Post date: Feb 4, 2014 1:26:58 AM
While working at Weyerhaeuser Technology Center in the mid-1980's we had a lot of training on running corporate departments as small businesses. One of the features was learning who our customers are and serving their needs. This training was very useful and helped our department to be very profitable. But one thing they did not teach was when to say "no" to a customer.
My first experience at running a business was with Olympic Organ Builders. When we were just getting started (after spending six months clearing out shop space and lining up suppliers) we built a 'flower box' addition to local church organ in an acoustically unfriendly room. This effort never sounded good. My lesson from that experience was to say "no" to some customer requests because the results would not satisfy either me or the customer.
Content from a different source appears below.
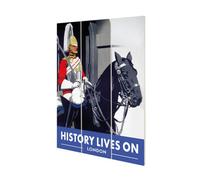 Railway Museum History Lives On London Micro Wood Print Black/white/red (29.5Cm X 20Cm)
My partners, Glenn White and David Dahl, were such good sales people, however, that we never really had to worry about taking a job that would not turn out well. Still, as an independent consultant - years later - I did turn down work when I felt that the effort would not yield good results.
One of these opportunities to say "no" was for a large Seattle bank that was building a trial implementation of a (then) new technology - SQL databases. I was to be the system analyst, taking the requirements written by another consultant and creating a high-level system design for the programmers. The customer group was the loan department, near the entrance to the building. I asked the hiring manager if I could ask the loan officers clarifying questions, since I wanted them (the real customers) to be satisfied with my design. I was clearly told that was not acceptable. I said "no" to that job.
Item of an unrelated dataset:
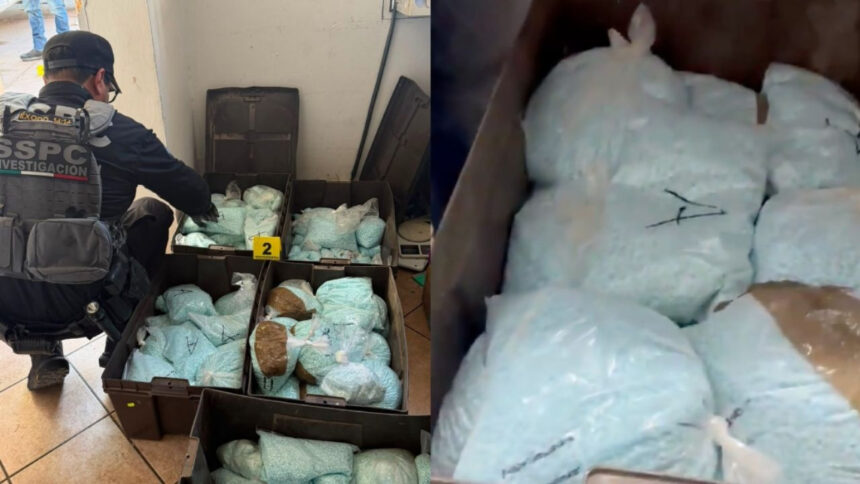 Aseguran 120 kilos de fentanilo en Mexicali tras operativo contra 'Los Rusos'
In another situation I had built a billing system for our computer department. (We charged nearly everything by the hour so that our customers could give us feedback on performance.) I extended this system slightly so that it would handle the analytical laboratory and the construction shop, who then became my customers. We converted the lab from their old system and implemented a number of special improvements to our billing system at their request. But the requests never stopped, and they were usually accompanied by petty complaints.
Finally I took the laboratory's customer representative aside and said "no", we would not honor her request, and would return all their money and restore them to their original software system. I was a bit fearful of the response from either (or both) the customer representative or the analytical department manager. But without hesitation she said "Please don't put us back on the old system. We like your system." I said, "Then please stop complaining about it." While I am far from the most tactful person in the world, she became and remained an excellent customer.
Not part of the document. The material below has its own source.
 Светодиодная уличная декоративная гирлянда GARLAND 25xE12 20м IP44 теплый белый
While running the PC Support group we were often asked to perform tasks for which we had no experience. In these cases we would try to find a competitor who had a good reputation in that area and refer the prospective customer to them. At times the competition was the other internal PC support group (operating out of corporate headquarters rather than our home base in the technology center). At other times it was a commercial computer sales and support business.
However, since we were operating 'as if we were a small business', our prices were comparable to those of the competition, so there was no material difference to the customer. The benefit to the customer was that the work was performed well, which, in the situations where we referred customers to the competition, we could not guarantee. And we developed an excellent reputation by saying "no" to work that we could not do well.
So, sometimes it is best just to say "No".